WORK TO COMPLETE:
Search the records for the string "Appartement" and copy every line in which it appears.

========================================

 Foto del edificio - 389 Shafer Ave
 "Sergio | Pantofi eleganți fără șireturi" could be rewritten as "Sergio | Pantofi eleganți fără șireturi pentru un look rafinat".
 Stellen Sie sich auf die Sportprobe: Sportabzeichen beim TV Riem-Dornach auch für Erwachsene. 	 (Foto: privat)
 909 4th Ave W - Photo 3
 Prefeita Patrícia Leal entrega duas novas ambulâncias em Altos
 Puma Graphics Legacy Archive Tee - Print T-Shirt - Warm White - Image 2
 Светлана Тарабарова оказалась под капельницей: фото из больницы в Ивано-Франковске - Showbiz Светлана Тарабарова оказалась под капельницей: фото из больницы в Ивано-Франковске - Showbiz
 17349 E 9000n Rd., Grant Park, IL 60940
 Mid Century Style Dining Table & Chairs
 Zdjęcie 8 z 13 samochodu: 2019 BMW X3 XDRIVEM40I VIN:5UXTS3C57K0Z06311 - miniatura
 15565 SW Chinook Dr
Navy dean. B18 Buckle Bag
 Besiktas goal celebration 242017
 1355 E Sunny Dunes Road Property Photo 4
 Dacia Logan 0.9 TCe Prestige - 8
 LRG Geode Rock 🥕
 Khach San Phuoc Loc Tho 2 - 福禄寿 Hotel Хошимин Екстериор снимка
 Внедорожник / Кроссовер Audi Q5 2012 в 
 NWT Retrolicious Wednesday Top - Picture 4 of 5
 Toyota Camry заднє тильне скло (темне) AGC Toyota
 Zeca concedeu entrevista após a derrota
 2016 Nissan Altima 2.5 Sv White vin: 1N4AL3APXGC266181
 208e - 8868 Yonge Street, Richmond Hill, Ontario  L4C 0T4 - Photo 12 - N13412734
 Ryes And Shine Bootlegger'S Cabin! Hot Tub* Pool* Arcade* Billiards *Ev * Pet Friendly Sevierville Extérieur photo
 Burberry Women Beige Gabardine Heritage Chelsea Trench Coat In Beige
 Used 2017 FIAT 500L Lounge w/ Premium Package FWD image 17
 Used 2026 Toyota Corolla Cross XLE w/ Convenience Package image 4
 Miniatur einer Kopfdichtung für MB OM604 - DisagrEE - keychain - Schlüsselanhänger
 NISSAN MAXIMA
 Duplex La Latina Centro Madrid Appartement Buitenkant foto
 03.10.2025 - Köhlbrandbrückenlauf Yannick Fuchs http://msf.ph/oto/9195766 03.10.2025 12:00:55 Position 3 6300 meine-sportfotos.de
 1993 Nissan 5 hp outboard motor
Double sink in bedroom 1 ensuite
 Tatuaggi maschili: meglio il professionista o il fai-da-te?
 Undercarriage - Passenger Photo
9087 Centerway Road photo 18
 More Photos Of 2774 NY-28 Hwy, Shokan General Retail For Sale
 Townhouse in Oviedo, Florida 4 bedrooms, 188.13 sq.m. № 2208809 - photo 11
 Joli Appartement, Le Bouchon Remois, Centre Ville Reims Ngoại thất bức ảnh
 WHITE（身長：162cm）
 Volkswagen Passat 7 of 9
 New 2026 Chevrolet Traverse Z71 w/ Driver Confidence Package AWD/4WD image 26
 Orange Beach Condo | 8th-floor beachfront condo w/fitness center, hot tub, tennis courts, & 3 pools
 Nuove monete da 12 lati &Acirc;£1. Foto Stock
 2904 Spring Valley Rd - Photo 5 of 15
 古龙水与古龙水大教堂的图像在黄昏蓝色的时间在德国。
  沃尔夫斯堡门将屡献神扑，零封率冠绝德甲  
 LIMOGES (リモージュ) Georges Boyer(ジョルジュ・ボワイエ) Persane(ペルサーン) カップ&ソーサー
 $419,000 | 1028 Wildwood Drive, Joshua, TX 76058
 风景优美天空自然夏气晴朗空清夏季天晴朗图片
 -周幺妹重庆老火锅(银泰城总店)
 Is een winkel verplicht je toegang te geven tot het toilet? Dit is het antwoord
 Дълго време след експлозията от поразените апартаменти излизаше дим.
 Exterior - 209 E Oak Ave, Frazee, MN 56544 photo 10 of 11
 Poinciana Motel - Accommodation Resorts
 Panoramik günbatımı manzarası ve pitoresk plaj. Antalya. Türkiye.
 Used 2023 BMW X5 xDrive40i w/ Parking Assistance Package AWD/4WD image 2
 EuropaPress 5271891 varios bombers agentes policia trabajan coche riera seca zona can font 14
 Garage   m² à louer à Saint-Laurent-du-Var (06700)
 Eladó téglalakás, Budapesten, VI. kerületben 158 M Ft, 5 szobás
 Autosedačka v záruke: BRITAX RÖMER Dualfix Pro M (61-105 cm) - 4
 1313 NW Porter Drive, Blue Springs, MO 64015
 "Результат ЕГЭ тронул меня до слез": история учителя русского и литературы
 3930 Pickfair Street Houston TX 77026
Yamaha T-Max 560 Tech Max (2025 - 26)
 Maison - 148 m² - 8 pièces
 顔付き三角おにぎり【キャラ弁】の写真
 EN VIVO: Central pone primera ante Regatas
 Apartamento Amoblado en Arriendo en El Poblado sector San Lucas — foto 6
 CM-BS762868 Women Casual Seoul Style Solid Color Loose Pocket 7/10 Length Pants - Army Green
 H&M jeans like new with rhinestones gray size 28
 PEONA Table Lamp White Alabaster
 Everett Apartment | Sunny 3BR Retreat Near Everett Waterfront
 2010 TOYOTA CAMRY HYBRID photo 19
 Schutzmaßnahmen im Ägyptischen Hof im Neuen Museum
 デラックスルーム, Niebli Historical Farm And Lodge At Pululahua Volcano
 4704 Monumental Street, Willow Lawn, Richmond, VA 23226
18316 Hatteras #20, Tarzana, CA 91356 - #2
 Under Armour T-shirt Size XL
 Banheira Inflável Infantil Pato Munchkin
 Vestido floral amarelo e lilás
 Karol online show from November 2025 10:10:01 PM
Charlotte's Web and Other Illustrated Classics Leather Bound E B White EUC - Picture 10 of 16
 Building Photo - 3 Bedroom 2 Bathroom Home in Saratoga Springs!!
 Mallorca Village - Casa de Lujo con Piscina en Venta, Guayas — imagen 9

========================================

SOLUTION TO THIS EXERCISE:
 Duplex La Latina Centro Madrid Appartement Buitenkant foto
 Joli Appartement, Le Bouchon Remois, Centre Ville Reims Ngoại thất bức ảnh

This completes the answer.